With regard to the legal analysis, there are other matters to consider such as whether there are state or federal laws that may protect relevant activity. For example, some state laws prohibit employers from checking employee social media accounts, particularly as part of the recruitment process. Employee social media dialogue about terms of employment could also be protected concerted activity under the National Labor Relations Act. Notably, some states actually prohibit termination of employment for consuming certain lawful products, such as cigarettes and alcohol. And the federal government regulates drugs through the Controlled Substances Act, under which possessing, buying, or selling marijuana for a medicinal or recreational purpose is a federal crime.
In fact, the scenario is typically much more nuanced than whether it’s a “legal issue” and, accordingly, whether the company can simply terminate employment.

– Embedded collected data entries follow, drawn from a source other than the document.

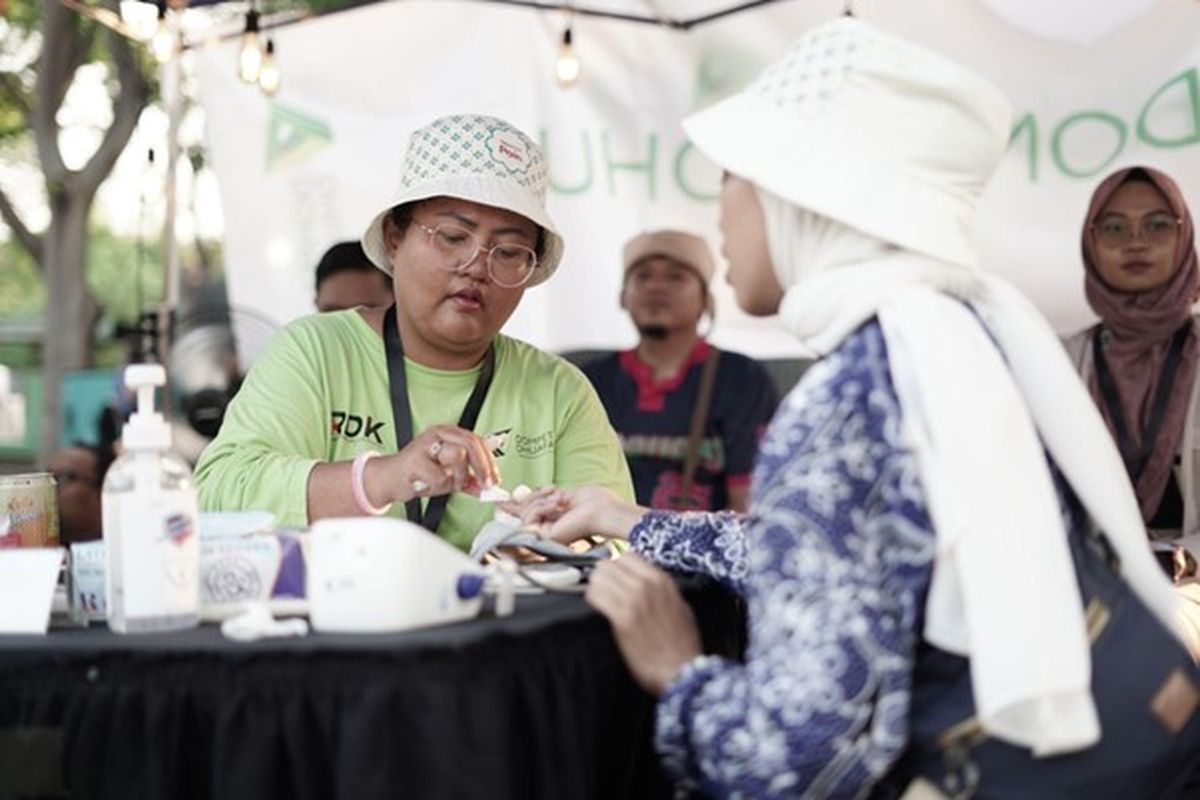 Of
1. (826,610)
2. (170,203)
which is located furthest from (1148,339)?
(170,203)

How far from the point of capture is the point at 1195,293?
4133 mm

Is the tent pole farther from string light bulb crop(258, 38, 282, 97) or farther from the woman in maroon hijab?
the woman in maroon hijab

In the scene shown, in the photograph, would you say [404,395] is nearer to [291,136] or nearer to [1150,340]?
[1150,340]

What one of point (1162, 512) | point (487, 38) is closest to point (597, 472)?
point (1162, 512)

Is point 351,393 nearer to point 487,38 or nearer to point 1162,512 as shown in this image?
point 1162,512

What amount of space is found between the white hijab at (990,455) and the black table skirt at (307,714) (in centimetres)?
41

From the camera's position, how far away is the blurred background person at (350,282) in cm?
477

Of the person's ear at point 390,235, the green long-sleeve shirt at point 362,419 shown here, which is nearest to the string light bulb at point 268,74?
the person's ear at point 390,235

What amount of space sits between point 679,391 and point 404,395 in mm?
2455

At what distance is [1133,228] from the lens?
422cm

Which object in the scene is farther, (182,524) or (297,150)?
(297,150)

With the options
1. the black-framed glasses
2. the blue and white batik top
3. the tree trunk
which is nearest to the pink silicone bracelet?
the black-framed glasses

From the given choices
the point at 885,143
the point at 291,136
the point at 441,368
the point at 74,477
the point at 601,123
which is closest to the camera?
the point at 885,143

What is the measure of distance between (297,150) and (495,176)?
3.19 metres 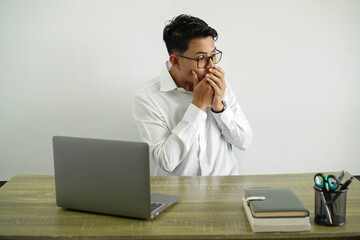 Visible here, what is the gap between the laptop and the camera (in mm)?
1401

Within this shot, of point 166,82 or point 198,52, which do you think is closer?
point 198,52

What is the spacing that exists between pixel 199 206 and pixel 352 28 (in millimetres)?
1827

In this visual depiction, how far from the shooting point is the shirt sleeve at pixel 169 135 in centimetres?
208

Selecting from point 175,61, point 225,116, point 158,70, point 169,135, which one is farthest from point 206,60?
point 158,70

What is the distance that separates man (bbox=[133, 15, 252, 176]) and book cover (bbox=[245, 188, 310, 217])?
69cm

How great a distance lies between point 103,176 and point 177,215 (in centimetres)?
29

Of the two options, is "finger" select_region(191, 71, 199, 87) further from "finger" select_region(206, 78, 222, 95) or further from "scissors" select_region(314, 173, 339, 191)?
"scissors" select_region(314, 173, 339, 191)

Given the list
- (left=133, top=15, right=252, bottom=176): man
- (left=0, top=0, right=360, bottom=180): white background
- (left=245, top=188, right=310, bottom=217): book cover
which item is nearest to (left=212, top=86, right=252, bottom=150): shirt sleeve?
(left=133, top=15, right=252, bottom=176): man

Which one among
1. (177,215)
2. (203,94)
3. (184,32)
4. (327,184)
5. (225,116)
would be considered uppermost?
(184,32)

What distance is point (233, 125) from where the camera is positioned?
221 cm

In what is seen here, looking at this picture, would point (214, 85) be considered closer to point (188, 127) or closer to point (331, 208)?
point (188, 127)

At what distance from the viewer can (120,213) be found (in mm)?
1462

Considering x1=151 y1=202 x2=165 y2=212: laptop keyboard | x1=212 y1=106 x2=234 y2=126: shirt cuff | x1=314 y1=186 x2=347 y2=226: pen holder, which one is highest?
x1=212 y1=106 x2=234 y2=126: shirt cuff

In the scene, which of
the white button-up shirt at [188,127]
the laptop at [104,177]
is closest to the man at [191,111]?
the white button-up shirt at [188,127] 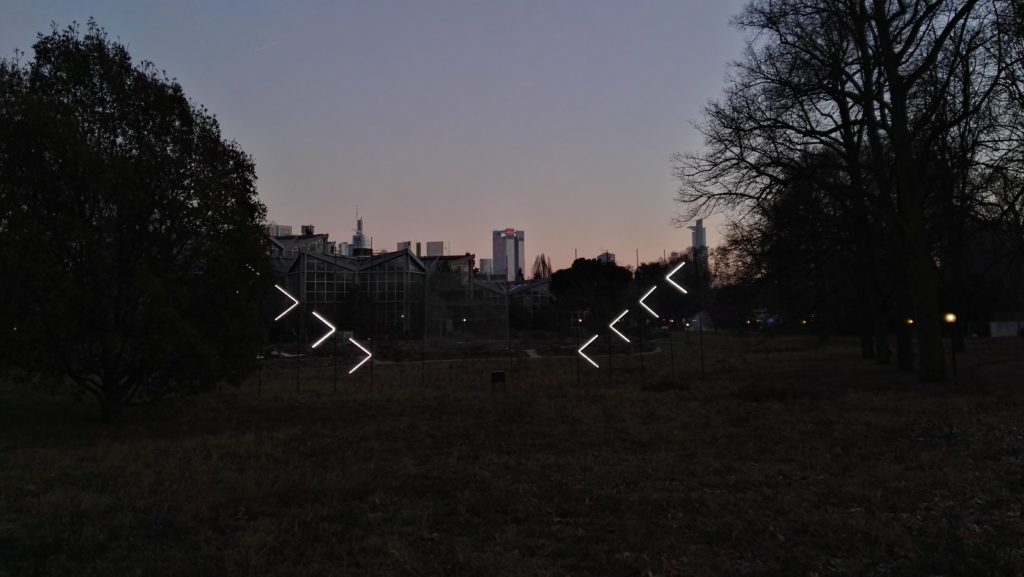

But even if the company has grounds to terminate employment, should it? There may be alternative disciplinary avenues available that proportionately address the seriousness of the issue for the employee and other employees, but allow a performing employee the opportunity to rehabilitate. In your company’s culture, your employees may appreciate the empathy shown to a valued employee experiencing a personal challenge. Perhaps the company should consider its drug testing procedures to ensure that it is testing only for regulated, safety or fiduciary duty-centric positions, particularly where marijuana use outside the workplace is becoming more socially and legally accepted.
Of course, there are those circumstances that demand swift and decisive action to protect the integrity of the company’s policies and risk exposure. But, be consistent, thorough and clear. Invoke discipline based upon your examination of the facts, policies/law and “big picture” impact upon the business, its employees and its customers. In so doing, you will be better-positioned to avoid being labeled the “Sergeant Schultz” of employee relations.